Task requirements
Find the line below with "Used 2003 Mercedes-Benz SL 500 image 2" and the line with "Villa mit Pool". Output them and the lines between, exactly, but not the pictures.

--- Exercise inputs ---

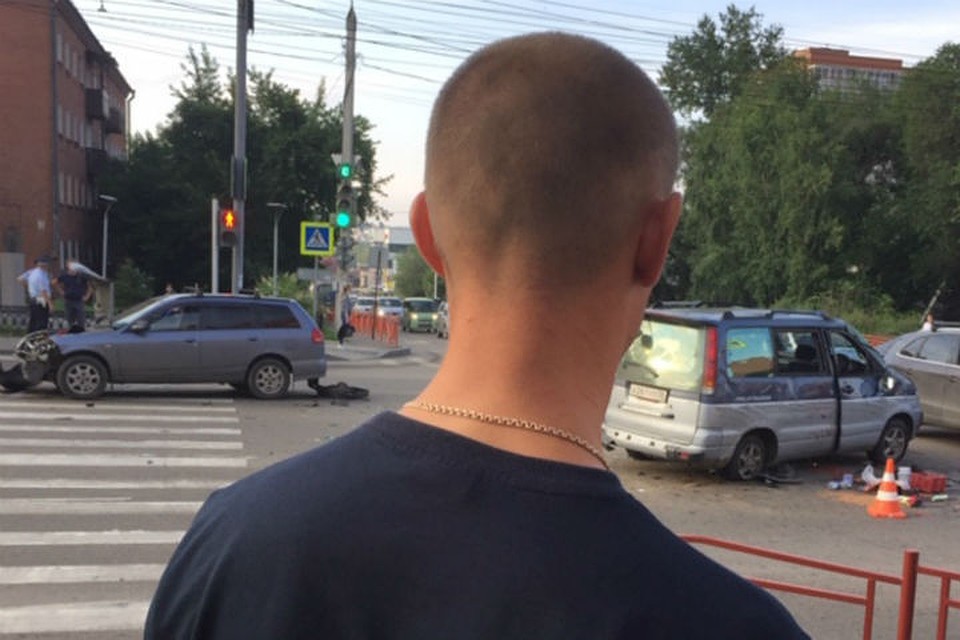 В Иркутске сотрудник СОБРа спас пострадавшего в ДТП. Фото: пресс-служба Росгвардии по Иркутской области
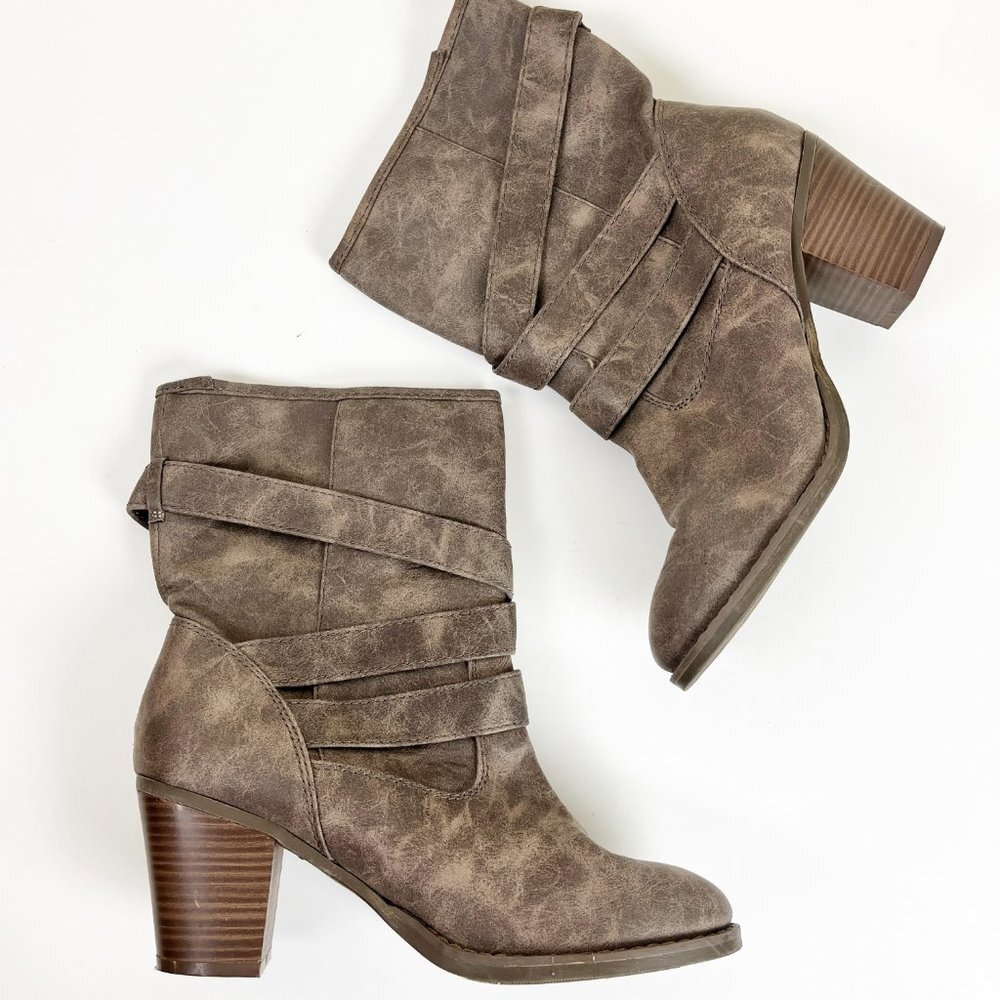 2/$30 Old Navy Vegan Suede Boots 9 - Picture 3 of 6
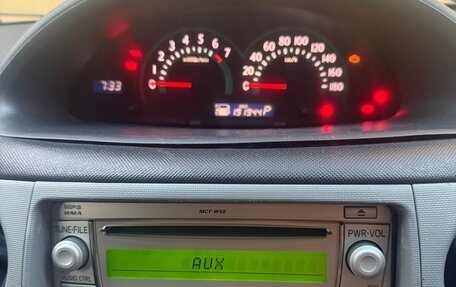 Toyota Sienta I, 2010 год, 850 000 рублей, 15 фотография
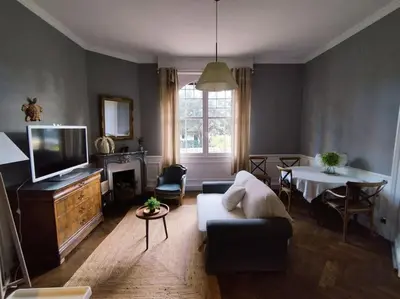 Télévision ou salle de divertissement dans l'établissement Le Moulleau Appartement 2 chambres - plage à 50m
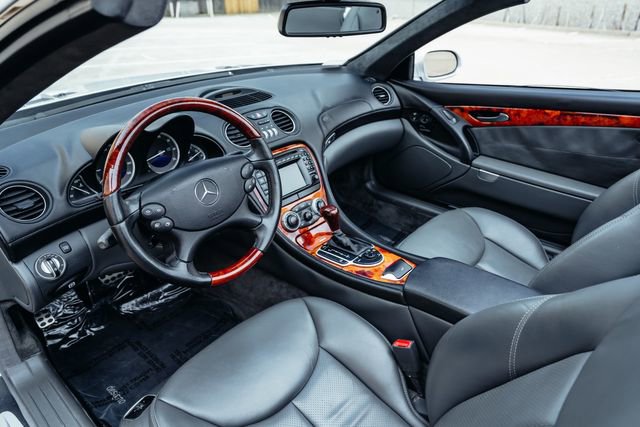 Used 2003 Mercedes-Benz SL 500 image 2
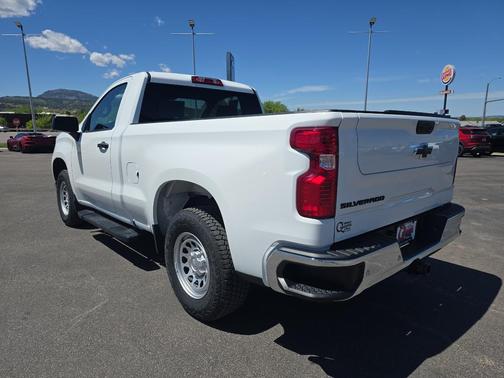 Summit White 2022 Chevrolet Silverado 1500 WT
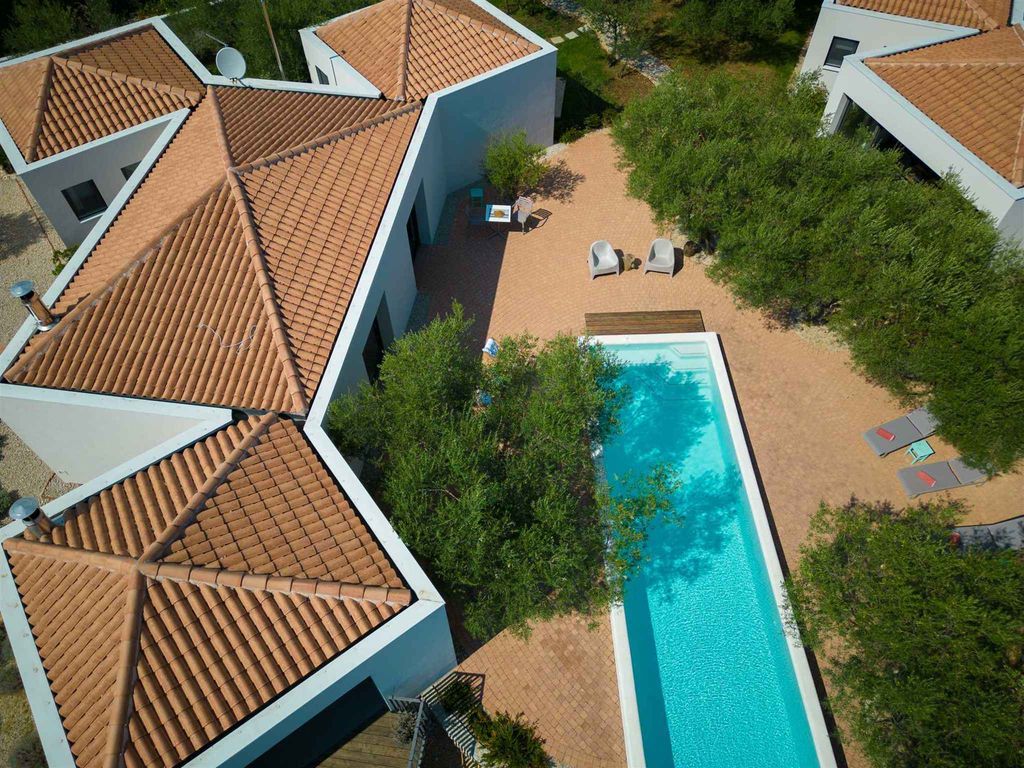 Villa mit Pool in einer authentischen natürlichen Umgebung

---
--- Exercise inputs ---

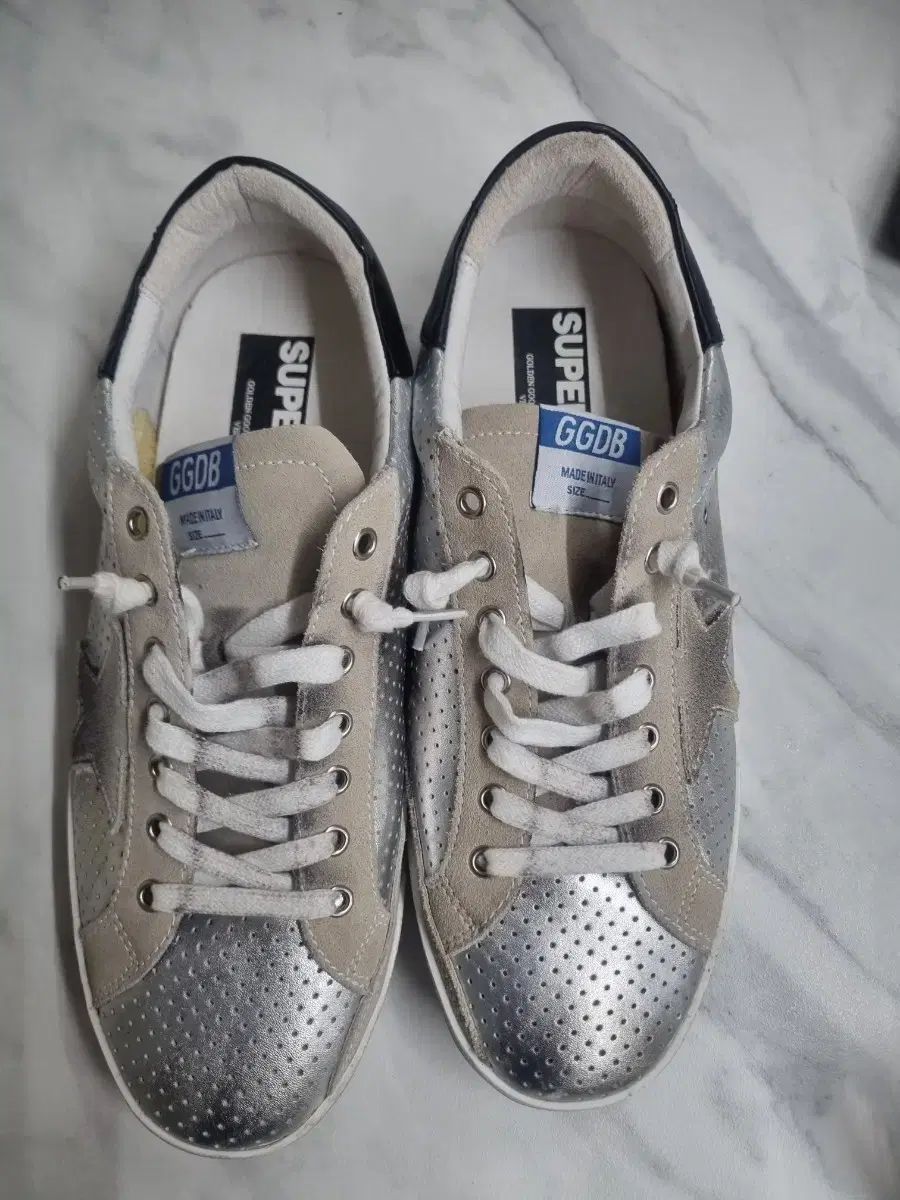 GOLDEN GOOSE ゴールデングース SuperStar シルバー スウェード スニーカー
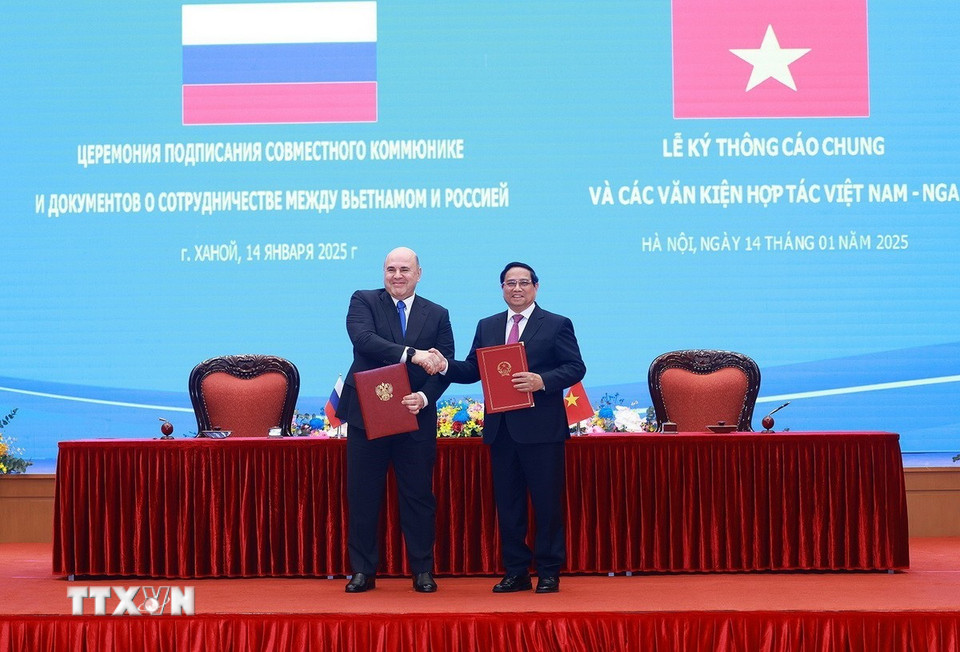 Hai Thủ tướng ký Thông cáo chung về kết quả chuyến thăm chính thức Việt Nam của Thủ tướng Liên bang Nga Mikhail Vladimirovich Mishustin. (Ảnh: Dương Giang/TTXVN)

---
--- Exercise inputs ---

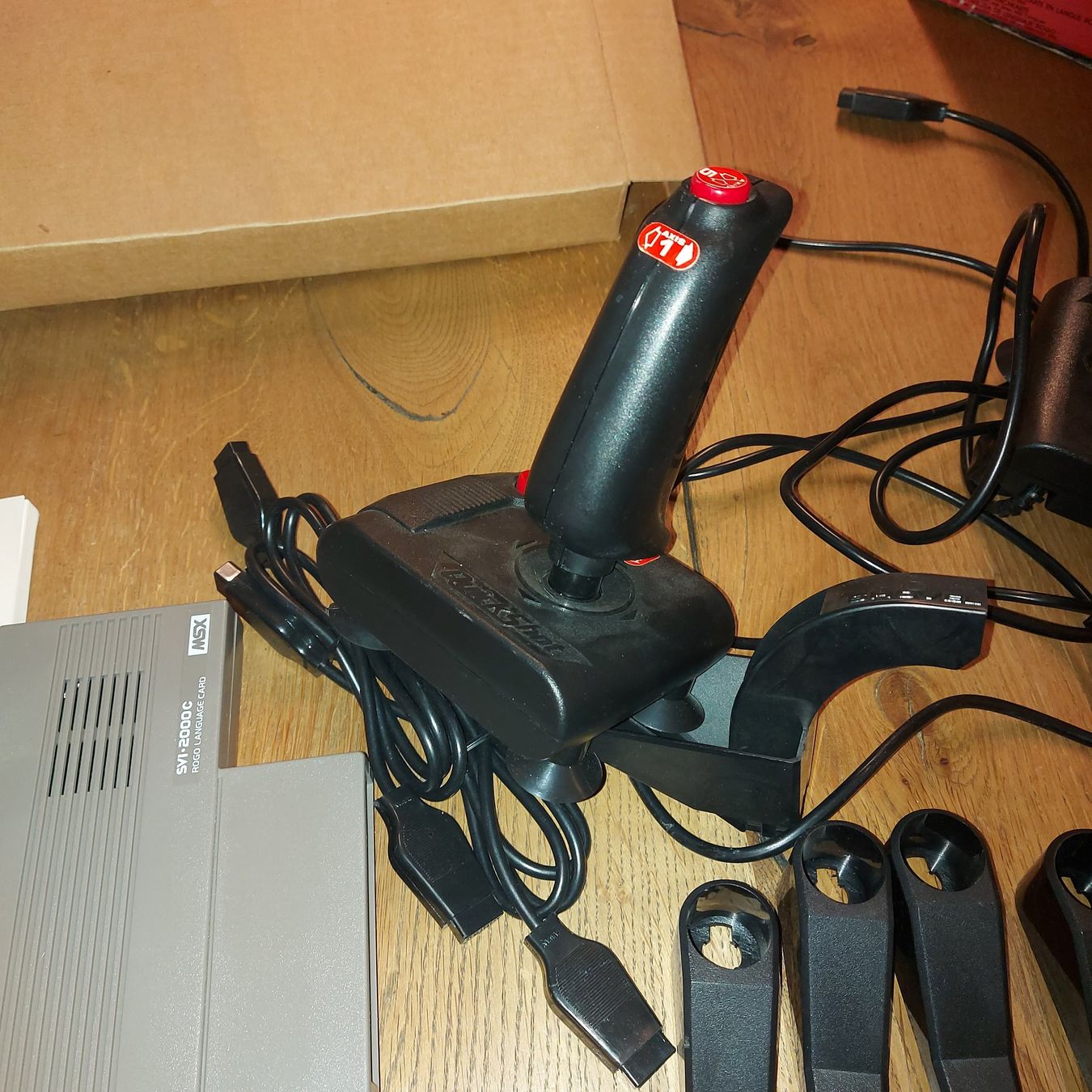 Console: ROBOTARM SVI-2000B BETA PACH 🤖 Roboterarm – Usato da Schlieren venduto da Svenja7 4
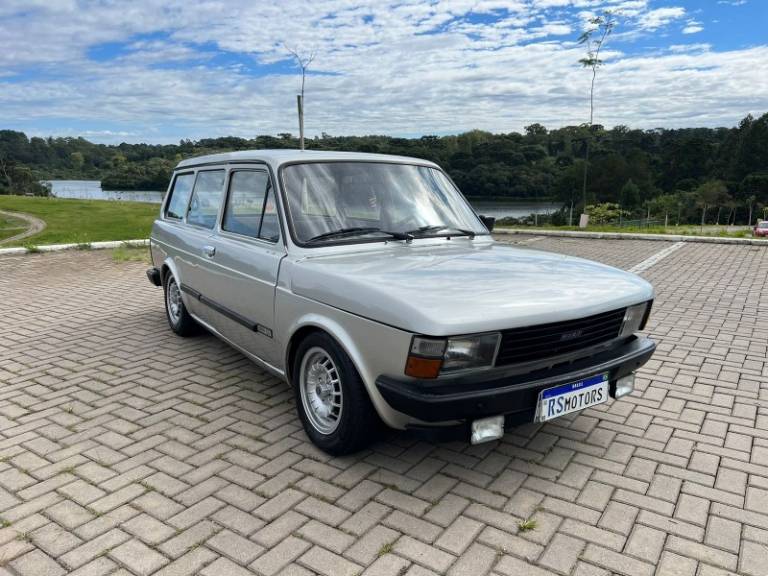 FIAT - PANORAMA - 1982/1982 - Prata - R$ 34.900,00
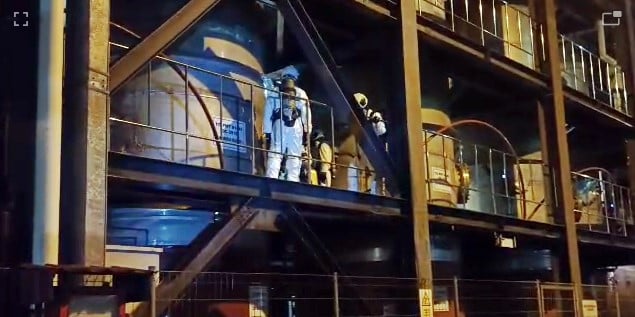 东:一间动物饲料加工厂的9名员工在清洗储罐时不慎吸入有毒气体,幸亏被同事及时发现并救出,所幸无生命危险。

---

Task answer
 Used 2003 Mercedes-Benz SL 500 image 2
 Summit White 2022 Chevrolet Silverado 1500 WT
 Villa mit Pool in einer authentischen natürlichen Umgebung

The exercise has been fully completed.